Find the line that contains "フラワーモチーフ サーキュラースカート (M)". Copy it and every line after it to the end of the material below, exactly, with no pictures.

○ ○ ○ ○ ○

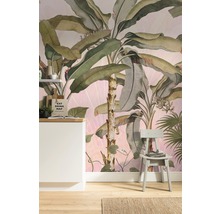 Rumsutsikt med blommig tapet, köksbänk och stol
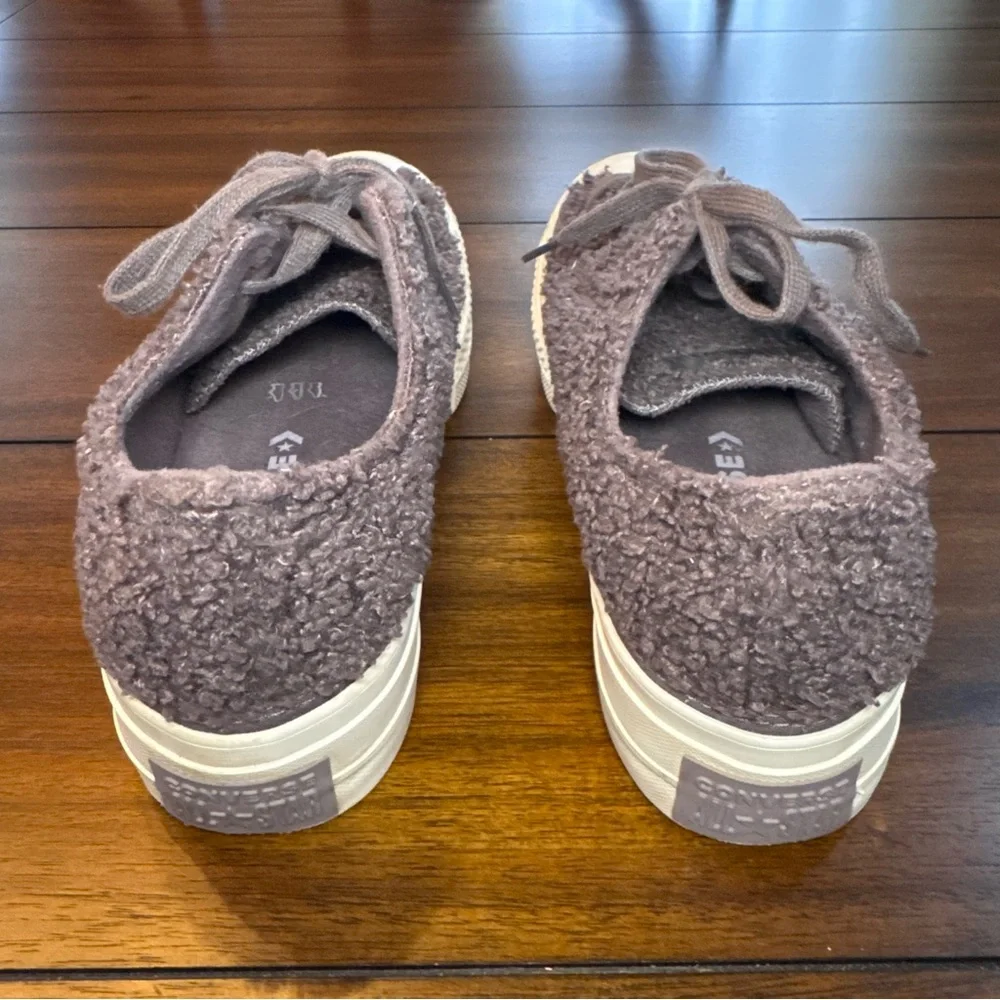 Converse Chuck Taylor All Star Shoes Womens 8.5 Platform Cozy Sherpa Violet Ore‎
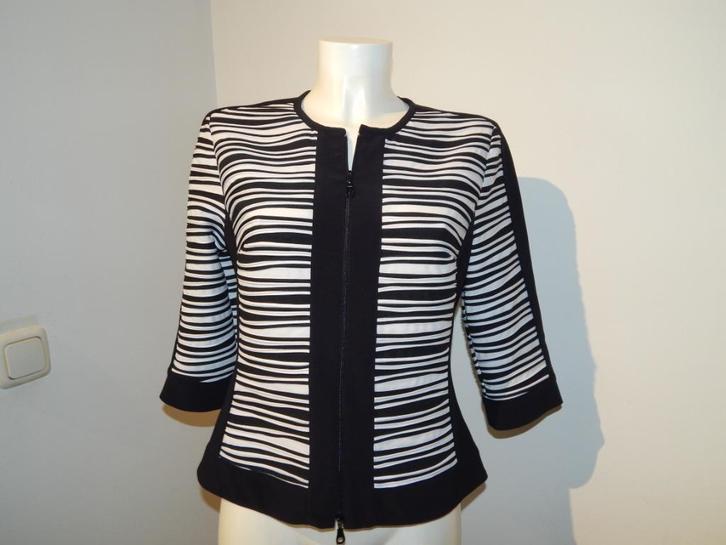 Joseph Ribkoff zwart wit jasje stretch stof structuur D38, Kleding | Dames, Jasjes, Kostuums en Pakken, Zo goed als nieuw, Jasje
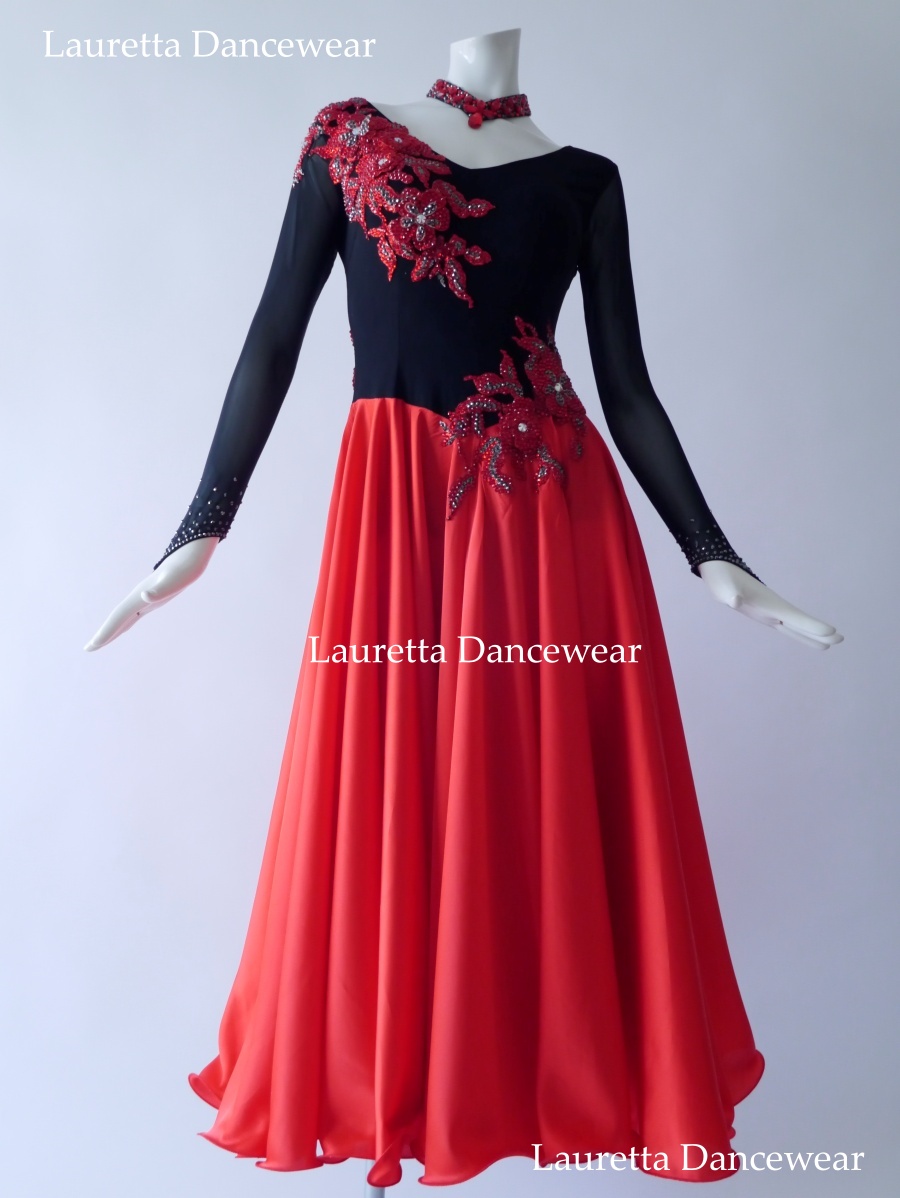 【社交ダンスドレス・衣装】PS20201 パソドブレ ラテン レッド/ブラック フラワーモチーフ サーキュラースカート (M)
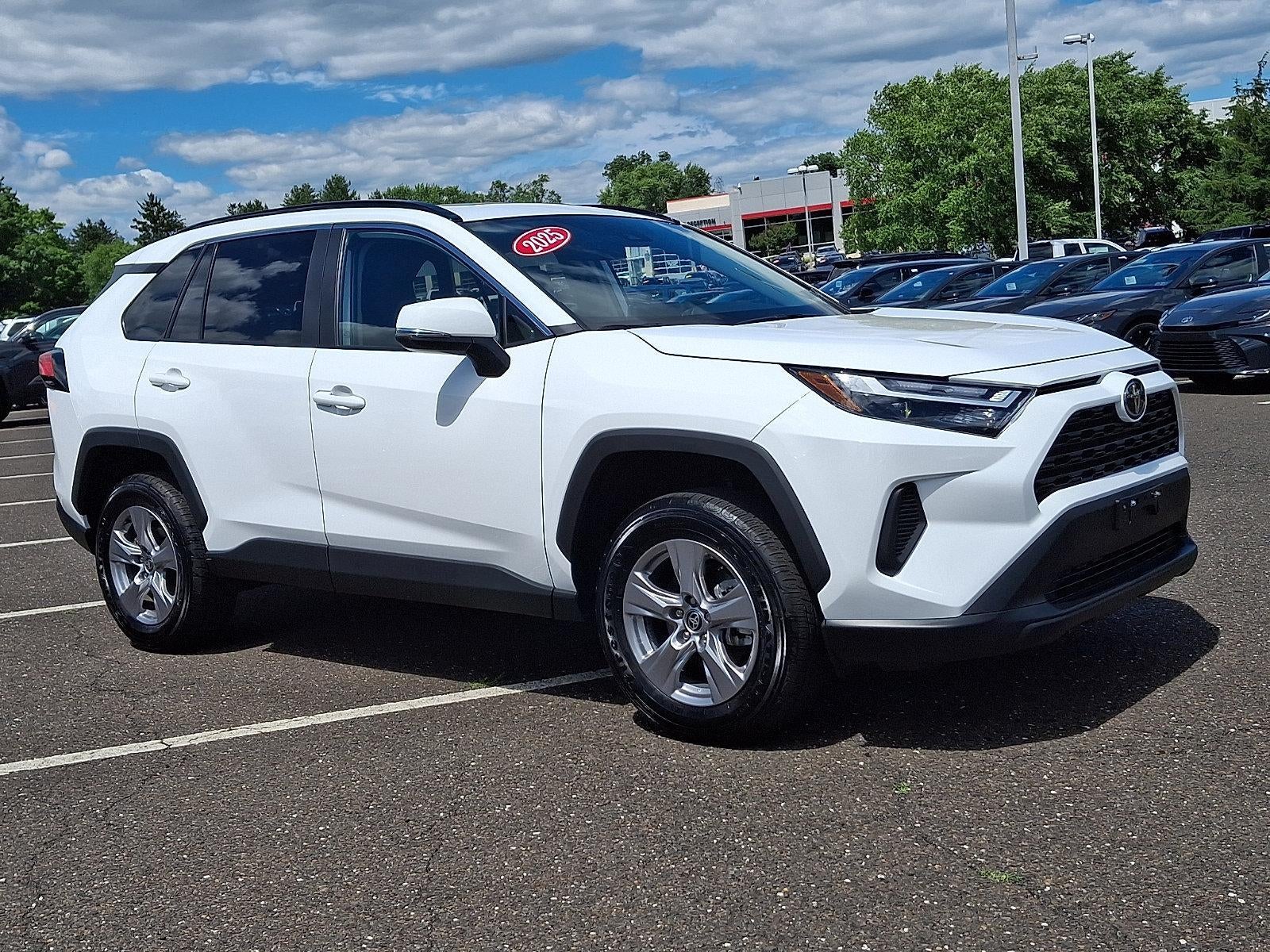 2025 Toyota RAV4 XLE AWD (Natl)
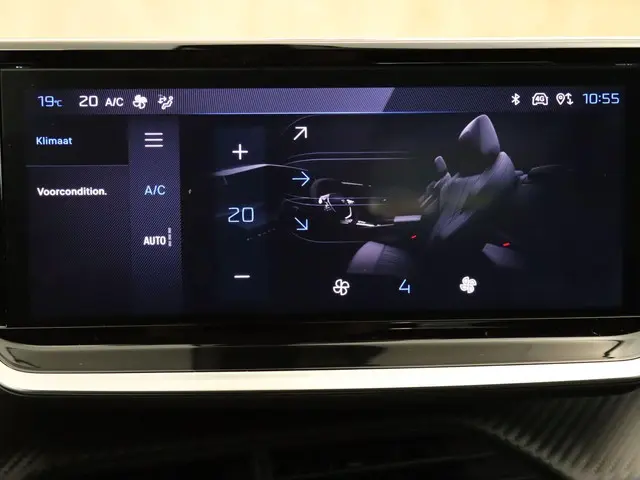 Peugeot e-2008 EV GT 54 kWh 2023 Elektrisch 38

○ ○ ○ ○ ○

## COMPLETED EXERCISE:
 【社交ダンスドレス・衣装】PS20201 パソドブレ ラテン レッド/ブラック フラワーモチーフ サーキュラースカート (M)
 2025 Toyota RAV4 XLE AWD (Natl)
 Peugeot e-2008 EV GT 54 kWh 2023 Elektrisch 38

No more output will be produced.